This quasi-censorship of my blog post eviscerated me, and in consequence, I lost all desire to blog for two years. Despite my efforts, the relationship with my then advisor deteriorated further, and I had to look for a new advisor.

Looking back at the blog post that I produced, I feel ashamed. It does not express my personal views. I value integrity, and my behavior did not reflect who I want to be.

I write this blog post to discuss my true beliefs about credit assignment and why I believe that the idea, its communication and its implementation are all equally important.

Who Deserves Credit for Deep Learning Ideas?

There has been a lot of discussion about how to assign credit to researchers, or in other words, how to determine whose work had a large impact. Note that I do not discuss here who deserves credit for discovering an idea, I look at who deserves credit for the impact that an idea has.
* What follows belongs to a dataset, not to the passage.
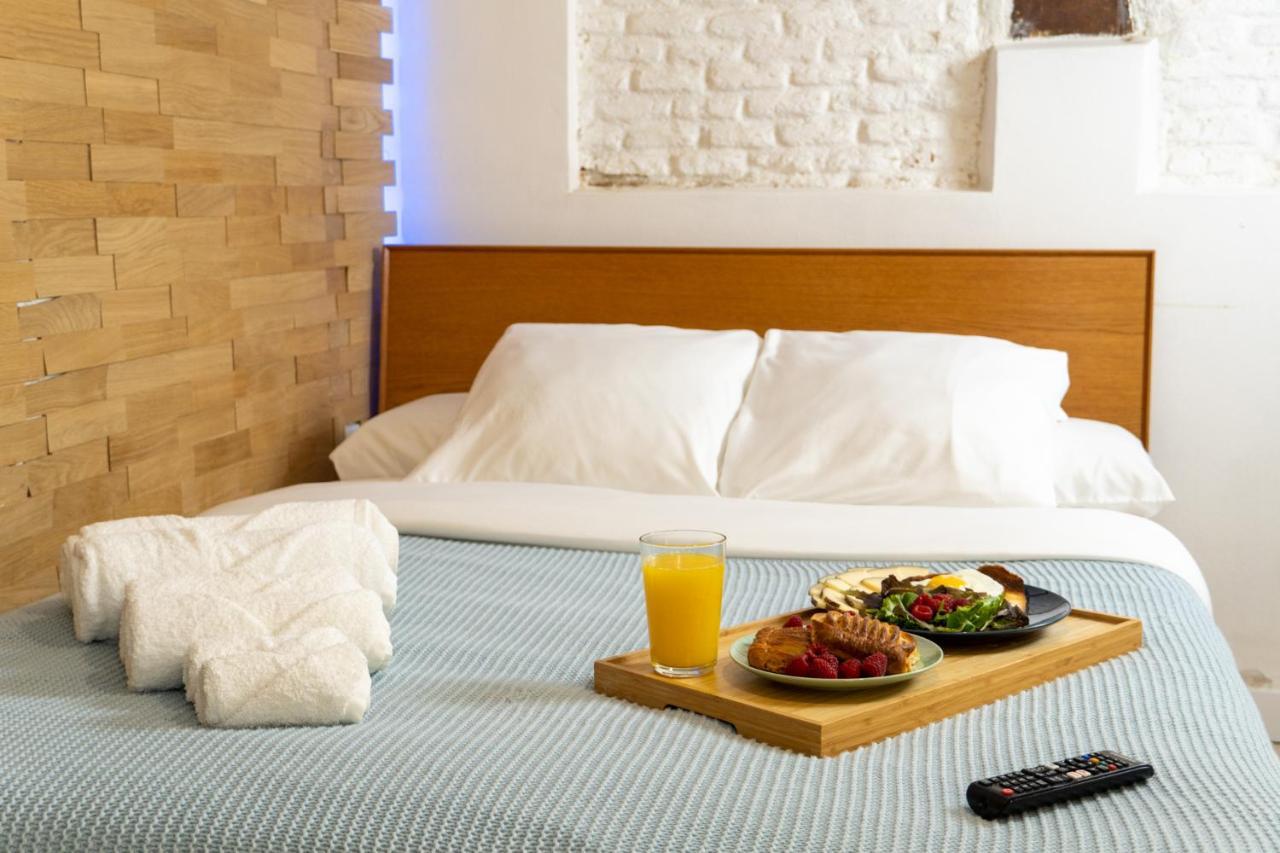 Cozy Apartment Puerta Del Sol & Private Patio Madrid Ngoại thất bức ảnh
Looking at this, there are two main camps: The first believes that ideas and implementation count equally, and, the second believes that it counts who had the ideas first.

The problem with this discussion is that it is not a scientific topic, but a philosophical one. How do we determine what has how much value? We use the scientific method. What is the scientific method in philosophy? Use reductions to arrive at simple statements, then use logic to derive other factual statements, failing that — like in this case — we make thought experiments where we isolate variables which we then take to extremes. Let’s do this now to get insight into the issue.

All Ideas, No Communication, No Implementation

Let’s imagine there exists a person that has come up with all ideas in deep learning of the past and all ideas in deep learning of the future. However, this person cannot communicate with either words or writing. This person also cannot write code. How much credit deserves such a person?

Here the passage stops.